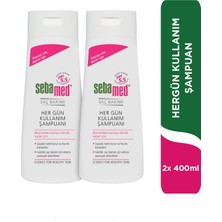 Sebamed Şampuan Hergün 400 Ml X 2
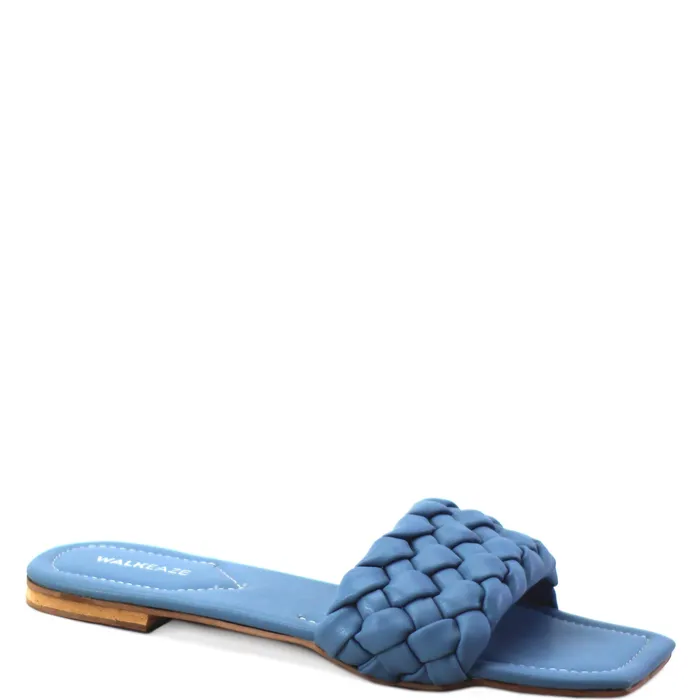 Walkeaze Earrings Women Slippers 39318S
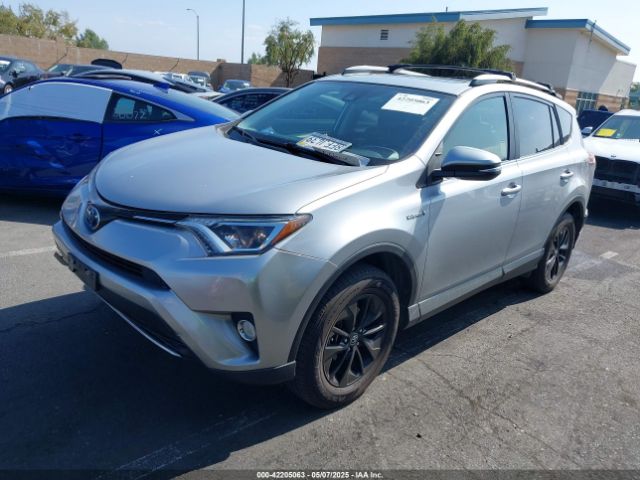JTMRJREV4JD155786 Toyota Rav4 Hybrid Xle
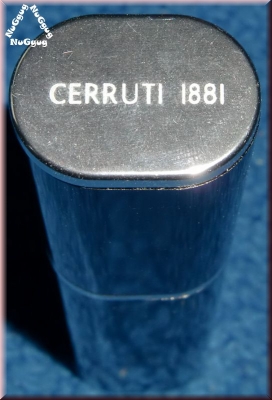 CERRUTI 1881 Rollerball Silver Clip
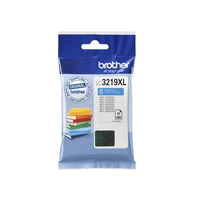 Brother LC-3219C cartouche d`encre originale XL cyan, 16.5ml, 1500 pages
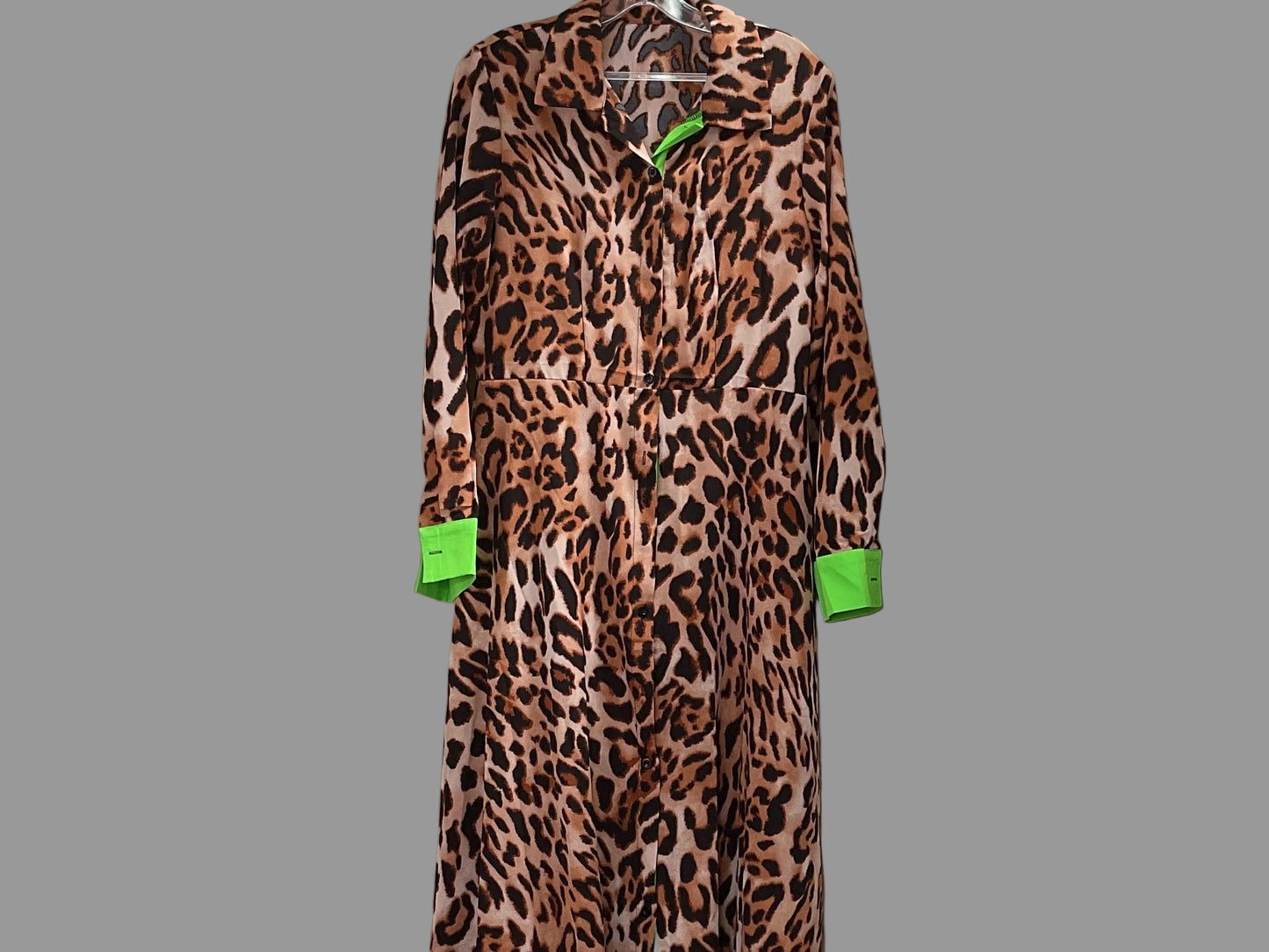 LEOPRINT DRESS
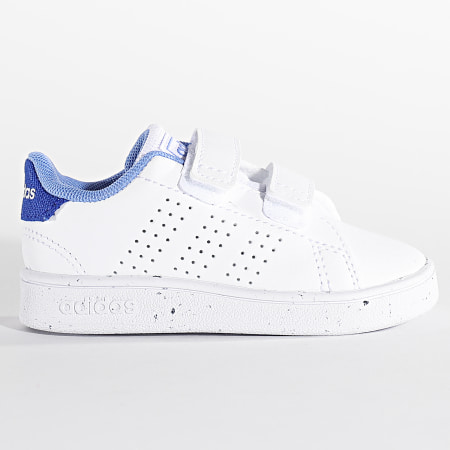 Adidas Sportswear - Baskets Enfant Advantage CF I H06215 Footwear White Blue Fuss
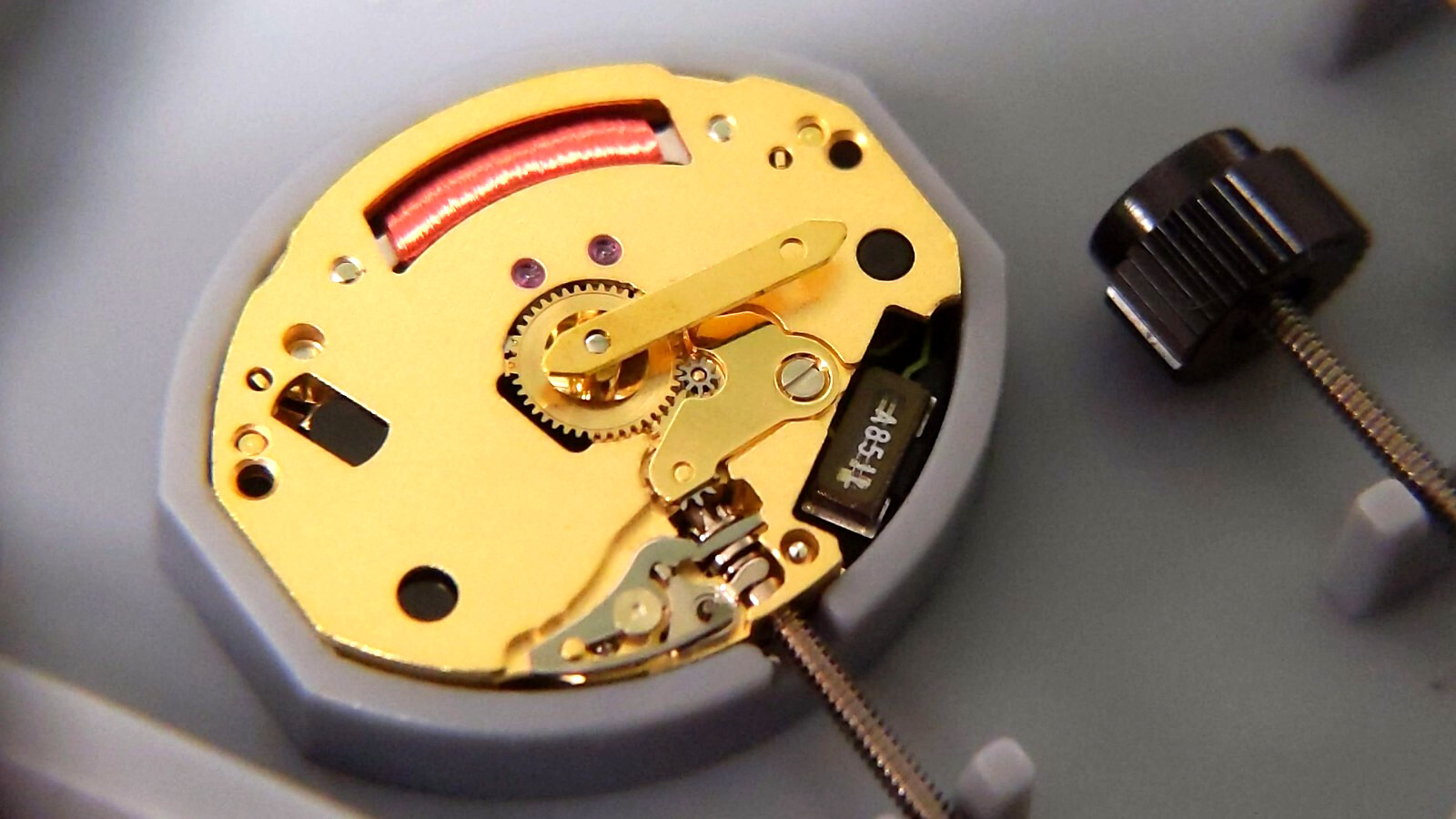 SS0 ETA 976.001 watch movement Aig 0 (Height 0) SS0 NEW yellow 2 hands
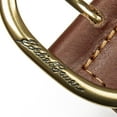 thumbnail image 4 of Women's Eddie Bauer 1.15-in. Woven Leather Belt Color: Brown Size: XL, 4 of 4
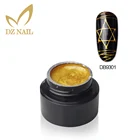 OEM Private Label New Arrival Soak Off LED UV Gel Chameleon Spider Gel For Nails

# # # #

WHAT YOU WILL DO:
The answer is the entries above, given again exactly, with no pictures among them.

TASK SOLUTION:
 Sebamed Şampuan Hergün 400 Ml X 2
 Walkeaze Earrings Women Slippers 39318S
JTMRJREV4JD155786 Toyota Rav4 Hybrid Xle
 CERRUTI 1881 Rollerball Silver Clip
 Brother LC-3219C cartouche d`encre originale XL cyan, 16.5ml, 1500 pages
 LEOPRINT DRESS
 Adidas Sportswear - Baskets Enfant Advantage CF I H06215 Footwear White Blue Fuss
 SS0 ETA 976.001 watch movement Aig 0 (Height 0) SS0 NEW yellow 2 hands
 thumbnail image 4 of Women's Eddie Bauer 1.15-in. Woven Leather Belt Color: Brown Size: XL, 4 of 4
 OEM Private Label New Arrival Soak Off LED UV Gel Chameleon Spider Gel For Nails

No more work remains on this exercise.